We talked about her classes and her professors. The young woman’s commitment to learning was unmistakable. She is the kind of student that makes professors happy to stay after class, to write letters of recommendation, and to teach independent studies. She told me that her teachers were encouraging her to think about graduate schools and the long-term.

“What about becoming a doctor?” I asked. I quickly discovered that I was not the first to ask. She thought that she could handle the work, as did one of her mentors. However, she was not sure that she wanted to assume the risk and delay employment. The path to an MD is long and difficult.

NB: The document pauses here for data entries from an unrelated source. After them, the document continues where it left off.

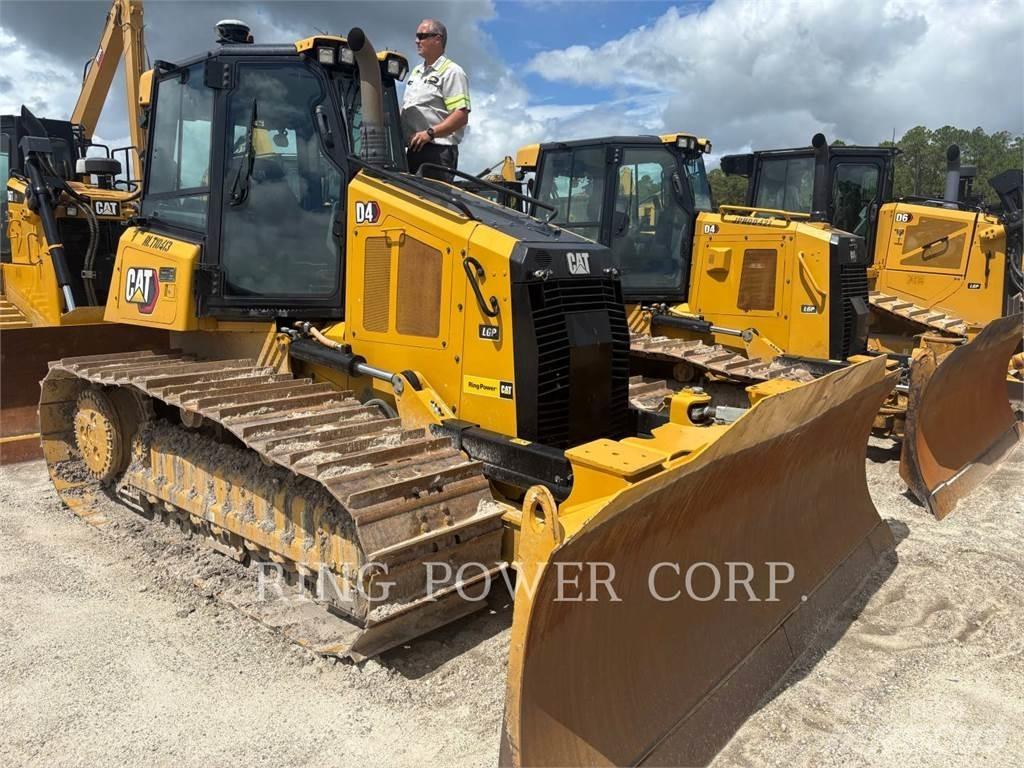 CAT D4VPEW بلدوزرات مجنزرة
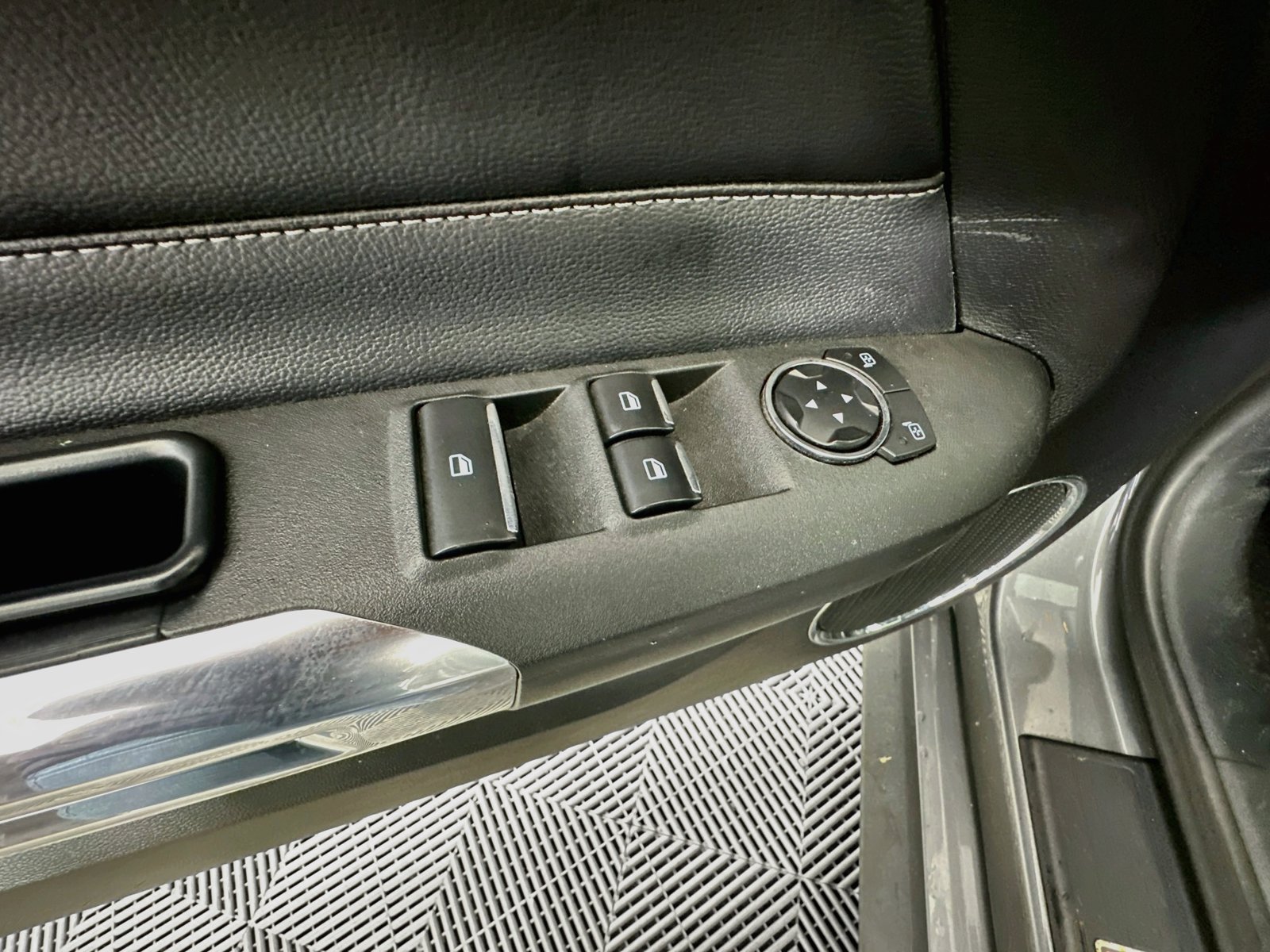 Used 2021 Ford Mustang Premium RWD image 18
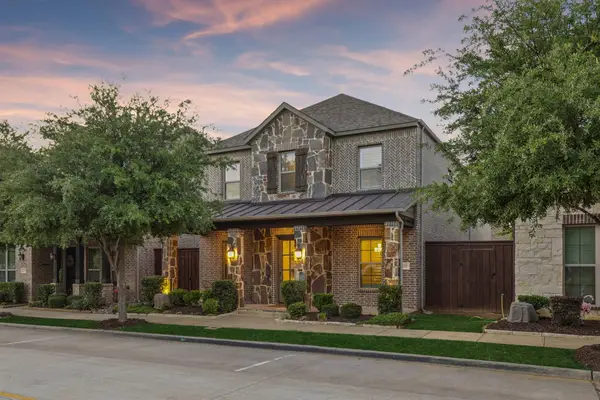 2232 Royal Crescent Drive N, Flower Mound, TX 75028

Reports and data are increasingly available to help students make informed decisions about institutions, majors, and career options. Payscale offers boatloads of information on the average salaries of degree holders by institution and by majors (and helps to figure salaries by jobs). Their College ROI report is an interactive website, capturing and organizing data on tuition, salary outcomes, and student debt.  The graduates with the highest salaries are engineers, unsurprisingly.

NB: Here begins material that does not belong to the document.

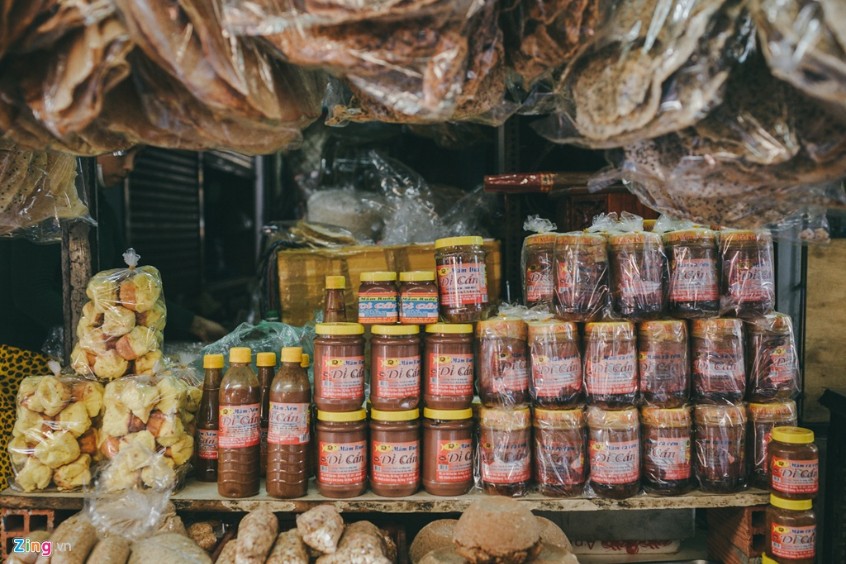 Đóng gói nhiều lớp, dùng hộp nhựa kín để hạn chế mùi, thuận tiện mang theo khi đi máy bay hoặc xe khách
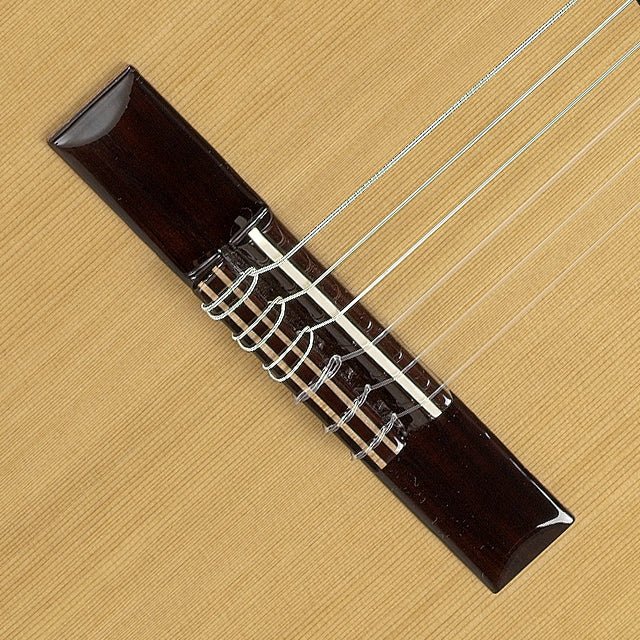 alhambra-guitarras-2-c-guitare-classique-d-tude image 4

The Pew Foundation recently highlighted “The Rising Cost of Not Going to College.” Looking at median salaries for those in their mid-twenties, some college was better than high school. Associate degree holders earned more than those without. And on average, college degree holders earned more than associate degree holders.

The overall message of these and other sites is that more credentials usually correlate with higher salaries, as do specialized technical skills. It makes sense from a high-level understanding of labor markets.

What the reports cannot give is information on the value of an individual degree to an individual student. That is a difficult question that defies simple answers. The value of an education can change over time and no one has multiple lives with which to compare different educational opportunities. Further, for many students the process of attending college, which is both a developmental stage and the marking of a person’s wish to change and grow, can reshape priorities. In other words, what is deemed valuable by an entering first year student very well may change by graduation.

Equally important in the value question is appreciating the socioeconomic status of a student before attending an institution of higher education. What makes for a successful education? Is it a stretch goal or a means of securing stability? And who is making the judgment?

The student I talked with will maximize our institution’s ranking  – at least according to these macro-economic reports – by deferring employment and pursuing an advanced graduate degree. It would be foolish, though, for me to simply advise for more credentials and more specialization. It is essential to acknowledge her values, her needs, and to understand her perspectives and her priorities. An associate degree and a job in health care may be a super decision for her and her family.

It is important for those of us in higher education to set high standards for our students, to encourage them to set ambitious goals and to challenge themselves, and also to be mindful that there is more than one way to measure the return on an educational investment.